Once you find the line with "CHANEL - Picture 6 of 11", copy it and every line after it through the end of the entries below, exactly as written.

____ DATA LISTING

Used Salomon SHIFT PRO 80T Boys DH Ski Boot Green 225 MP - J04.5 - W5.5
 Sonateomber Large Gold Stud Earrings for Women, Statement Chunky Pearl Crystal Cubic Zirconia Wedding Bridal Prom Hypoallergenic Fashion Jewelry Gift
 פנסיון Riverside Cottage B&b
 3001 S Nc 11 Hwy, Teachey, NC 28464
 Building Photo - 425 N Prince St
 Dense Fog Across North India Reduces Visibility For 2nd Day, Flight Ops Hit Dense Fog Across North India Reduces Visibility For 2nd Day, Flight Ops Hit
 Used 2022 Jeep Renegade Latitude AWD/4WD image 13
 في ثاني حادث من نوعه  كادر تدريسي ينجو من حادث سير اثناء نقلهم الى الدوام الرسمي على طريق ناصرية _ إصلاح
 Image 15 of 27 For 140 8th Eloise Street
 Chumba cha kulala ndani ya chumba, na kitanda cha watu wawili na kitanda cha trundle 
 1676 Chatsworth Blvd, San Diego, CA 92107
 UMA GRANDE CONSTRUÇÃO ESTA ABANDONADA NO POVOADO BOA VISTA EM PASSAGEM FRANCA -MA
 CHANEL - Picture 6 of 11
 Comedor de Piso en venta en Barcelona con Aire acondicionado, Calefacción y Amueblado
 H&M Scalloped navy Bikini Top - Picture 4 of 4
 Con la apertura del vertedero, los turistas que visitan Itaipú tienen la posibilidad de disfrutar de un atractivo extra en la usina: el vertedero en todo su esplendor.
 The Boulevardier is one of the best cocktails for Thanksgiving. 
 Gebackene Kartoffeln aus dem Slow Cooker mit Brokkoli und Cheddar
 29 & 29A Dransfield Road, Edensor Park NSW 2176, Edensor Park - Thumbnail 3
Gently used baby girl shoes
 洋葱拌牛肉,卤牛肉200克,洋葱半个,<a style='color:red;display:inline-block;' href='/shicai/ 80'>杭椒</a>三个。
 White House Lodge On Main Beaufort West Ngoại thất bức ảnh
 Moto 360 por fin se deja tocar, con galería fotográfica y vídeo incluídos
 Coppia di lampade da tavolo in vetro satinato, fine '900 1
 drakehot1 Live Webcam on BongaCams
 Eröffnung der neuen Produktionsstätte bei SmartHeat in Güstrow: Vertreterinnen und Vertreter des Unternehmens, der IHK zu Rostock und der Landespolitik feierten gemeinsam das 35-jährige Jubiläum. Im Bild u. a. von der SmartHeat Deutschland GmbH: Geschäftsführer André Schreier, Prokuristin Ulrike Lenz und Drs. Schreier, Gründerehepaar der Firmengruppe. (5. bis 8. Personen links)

________

● **SOLUTION TO THIS EXERCISE**:
 CHANEL - Picture 6 of 11
 Comedor de Piso en venta en Barcelona con Aire acondicionado, Calefacción y Amueblado
 H&M Scalloped navy Bikini Top - Picture 4 of 4
 Con la apertura del vertedero, los turistas que visitan Itaipú tienen la posibilidad de disfrutar de un atractivo extra en la usina: el vertedero en todo su esplendor.
 The Boulevardier is one of the best cocktails for Thanksgiving. 
 Gebackene Kartoffeln aus dem Slow Cooker mit Brokkoli und Cheddar
 29 & 29A Dransfield Road, Edensor Park NSW 2176, Edensor Park - Thumbnail 3
Gently used baby girl shoes
 洋葱拌牛肉,卤牛肉200克,洋葱半个,<a style='color:red;display:inline-block;' href='/shicai/ 80'>杭椒</a>三个。
 White House Lodge On Main Beaufort West Ngoại thất bức ảnh
 Moto 360 por fin se deja tocar, con galería fotográfica y vídeo incluídos
 Coppia di lampade da tavolo in vetro satinato, fine '900 1
 drakehot1 Live Webcam on BongaCams
 Eröffnung der neuen Produktionsstätte bei SmartHeat in Güstrow: Vertreterinnen und Vertreter des Unternehmens, der IHK zu Rostock und der Landespolitik feierten gemeinsam das 35-jährige Jubiläum. Im Bild u. a. von der SmartHeat Deutschland GmbH: Geschäftsführer André Schreier, Prokuristin Ulrike Lenz und Drs. Schreier, Gründerehepaar der Firmengruppe. (5. bis 8. Personen links)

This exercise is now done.